EXERCISE BRIEF – Repeat exactly the lines below that lie between the line with "Love of Fashion" and the line with "Used BMW X1", counting both of those lines as part of the answer.

INFORMATION PROVIDED –
□ □ □

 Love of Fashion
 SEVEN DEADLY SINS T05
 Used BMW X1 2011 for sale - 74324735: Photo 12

□ □ □

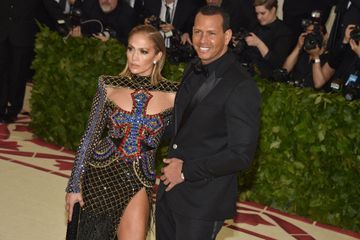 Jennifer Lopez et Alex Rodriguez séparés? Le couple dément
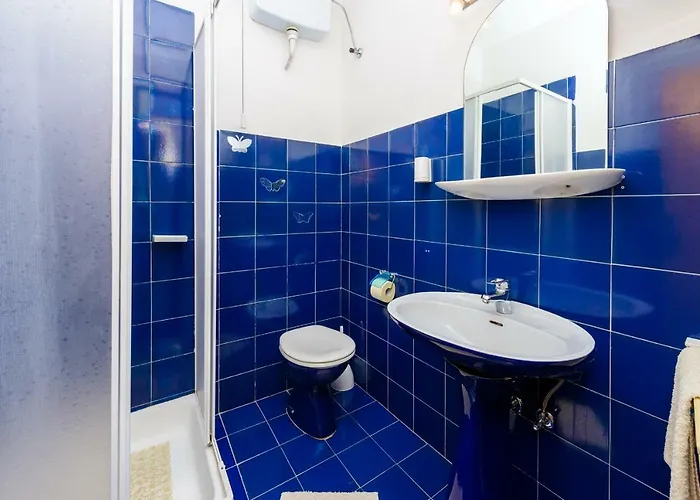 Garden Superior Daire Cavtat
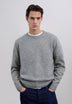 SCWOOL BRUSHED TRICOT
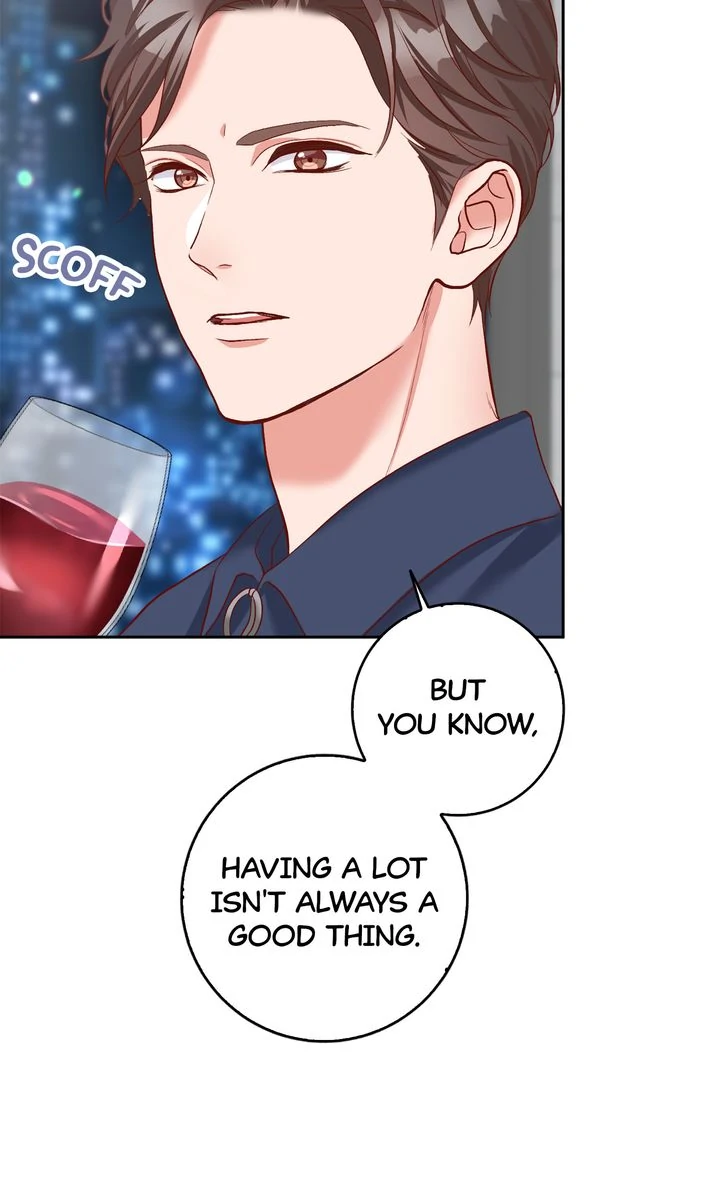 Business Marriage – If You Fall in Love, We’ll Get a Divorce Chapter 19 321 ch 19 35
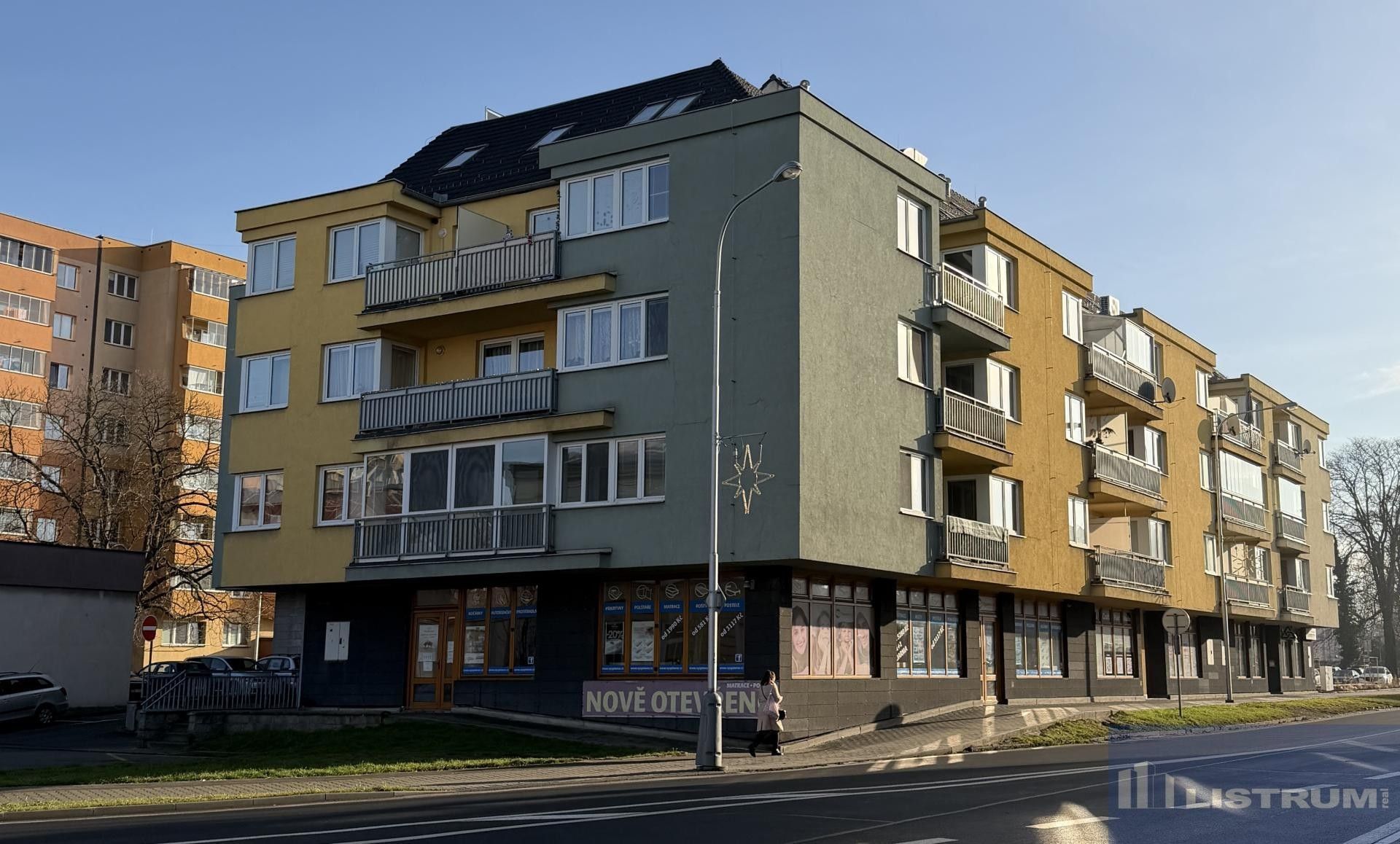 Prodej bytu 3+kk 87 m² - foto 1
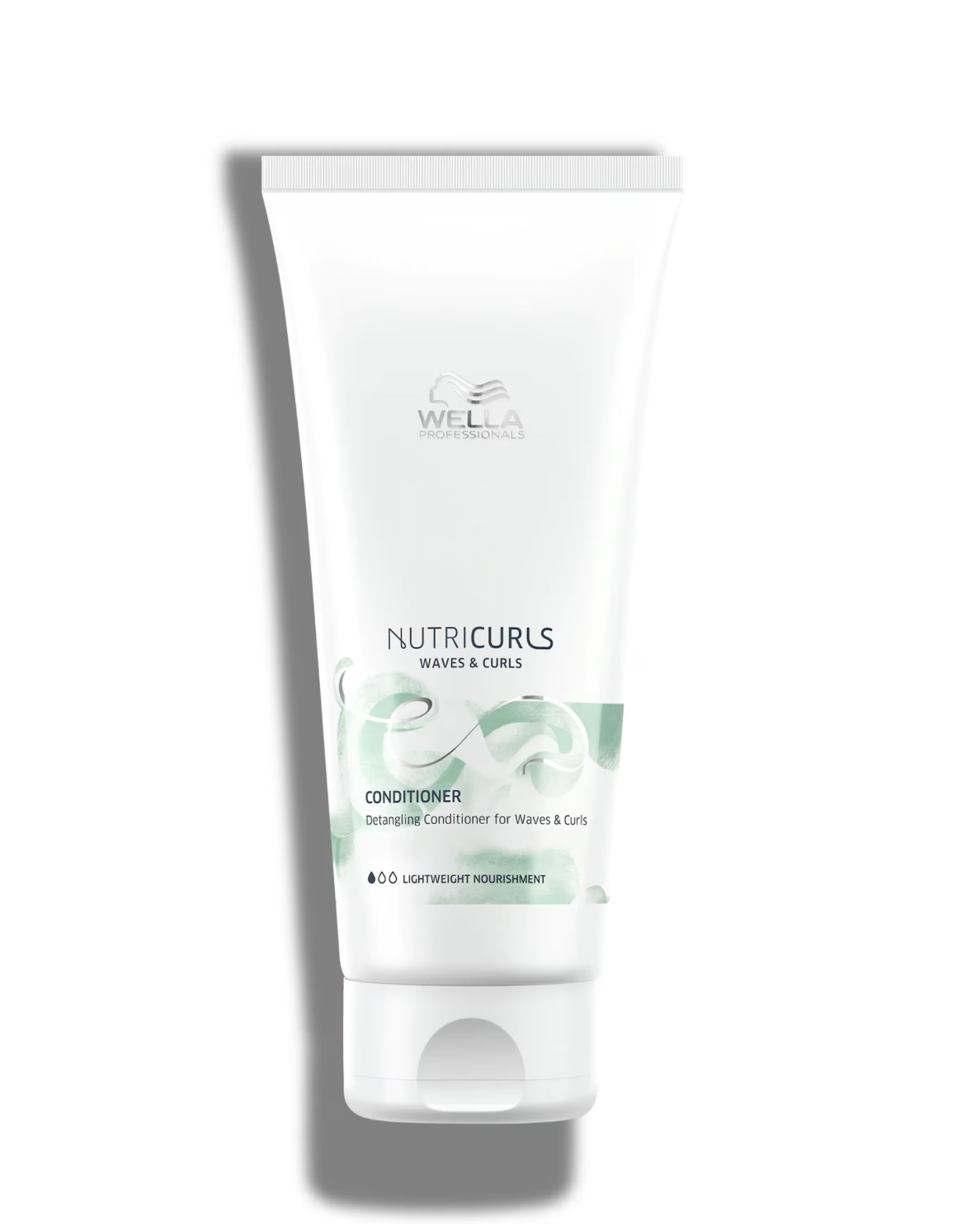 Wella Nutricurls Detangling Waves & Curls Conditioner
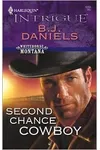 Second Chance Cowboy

□ □ □

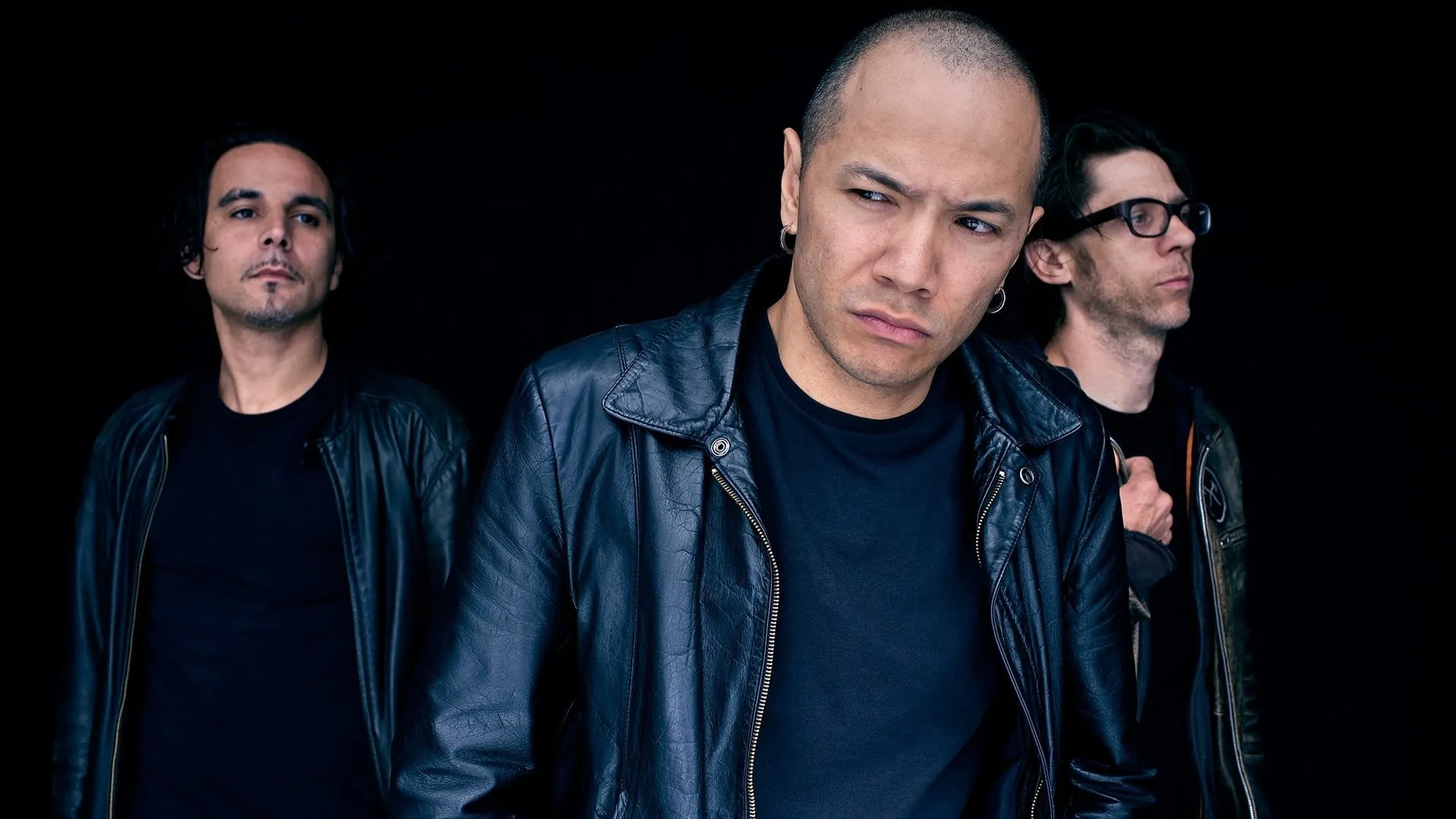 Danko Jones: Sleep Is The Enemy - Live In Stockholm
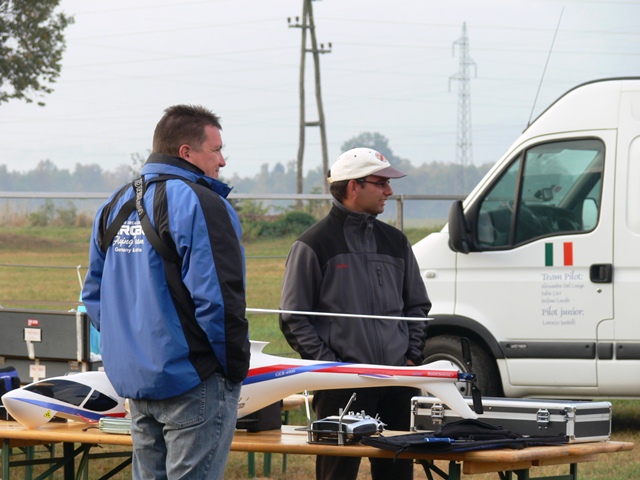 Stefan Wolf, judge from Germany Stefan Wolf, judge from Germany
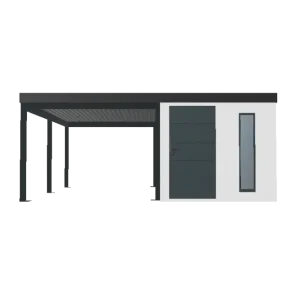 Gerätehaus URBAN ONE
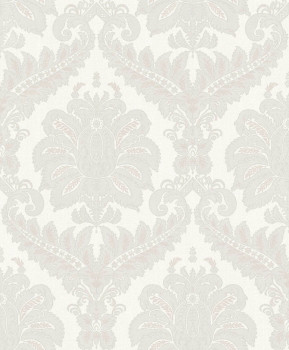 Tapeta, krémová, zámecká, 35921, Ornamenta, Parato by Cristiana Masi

□ □ □

ANSWER SECTION –
 Love of Fashion
 SEVEN DEADLY SINS T05
 Used BMW X1 2011 for sale - 74324735: Photo 12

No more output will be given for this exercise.